En Finlande, par exemple, le gouvernement exige que l’essence à la pompe contienne 15 % de carburant vert. Le taux exigé était de 10 % en 2016 et il augmente progressivement à 20 % en 2020 et à 30 % en 2030. « Ces cibles incitent la recherche et l’innovation », me dit M. Linfors.

Au Canada, le gouvernement fédéral exige que l’essence à la pompe contienne 5 % de carburant vert. Le Québec est dispensé de cette norme et l’Ontario est à 7 %.

D’autres États ont pris le taureau par les cornes. Le plus gros marché de Neste est en Californie, où un nombre grandissant de véhicules municipaux est alimenté entièrement en biocarburant (sans diesel traditionnel mélangé). Même une entreprise comme Google a décidé d’aller de l’avant pour ses propres voitures, avec une cible de 50 % en 2020.

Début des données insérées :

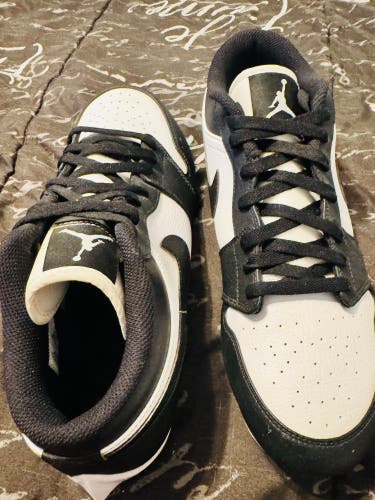 Unisex Size M 11.5 (W 12.5) Nike Cleats Low Top Molded Cleats (New)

Du biocarburant est aussi utilisé par les forces armées américaines pour ses avions de chasse. Quant à l’industrie de l’aviation civile, elle projette de nourrir en partie ses avions avec du carburant vert au cours des prochaines années pour atteindre ses cibles de réduction de GES.

Rentable ?

Le biocarburant forestier de BELT coûterait entre 20 et 50 % plus cher que le diesel traditionnel, selon M. Mangin. Comme le prix du diesel à la pompe avant toutes les taxes est de 77 cents le litre actuellement, celui du carburant forestier varierait entre 92 cents et 1,16 $ (auquel il faudrait ajouter des taxes, voir tableau).

Toutefois, l’automobiliste ou le camionneur ne verrait qu’une partie de l’impact de ces coûts additionnels, fait valoir M. Mangin, puisque le carburant vendu à la pompe ne contiendrait qu’une fraction de ce carburant vert.

Le porte-parole de l’industrie pétrolière, Carol Montreuil, n’est pas de cet avis et juge que le biocarburant n’est viable ni économiquement ni environnementalement. Entre autres, dit-il, une tonne de carbone économisée grâce à ce carburant coûtera plus de 200 $, soutient-il, ce qui est 10 fois plus cher que le prix de la tonne négocié sur le marché du carbone (environ 20 $).

Selon les paramètres du projet de BELT, une tonne de carbone économisée coûterait plutôt entre 63 $ et 158 $. L’objectif est de produire en bas de 130 $ la tonne, dit M. Mangin. Le client cible serait l’industrie du camionnage, gourmand en diesel.

Pierre-Olivier Pineau, de HEC Montréal, juge qu’il est légitime pour les gouvernements d’investir dans cette filière. « C’est la voie de l’avenir. Oui, pour l’instant, c’est plus cher que d’autres moyens pour réduire les GES. Mais le prix de la tonne de carbone augmentera sur le marché, tandis que les coûts du carburant forestier diminueront », dit-il.

1. J’ai rencontré Lars Peter Linfors et les dirigeants de BELT à Québec lors du colloque de l’Association québécoise de la production d’énergie renouvelable (AQPER).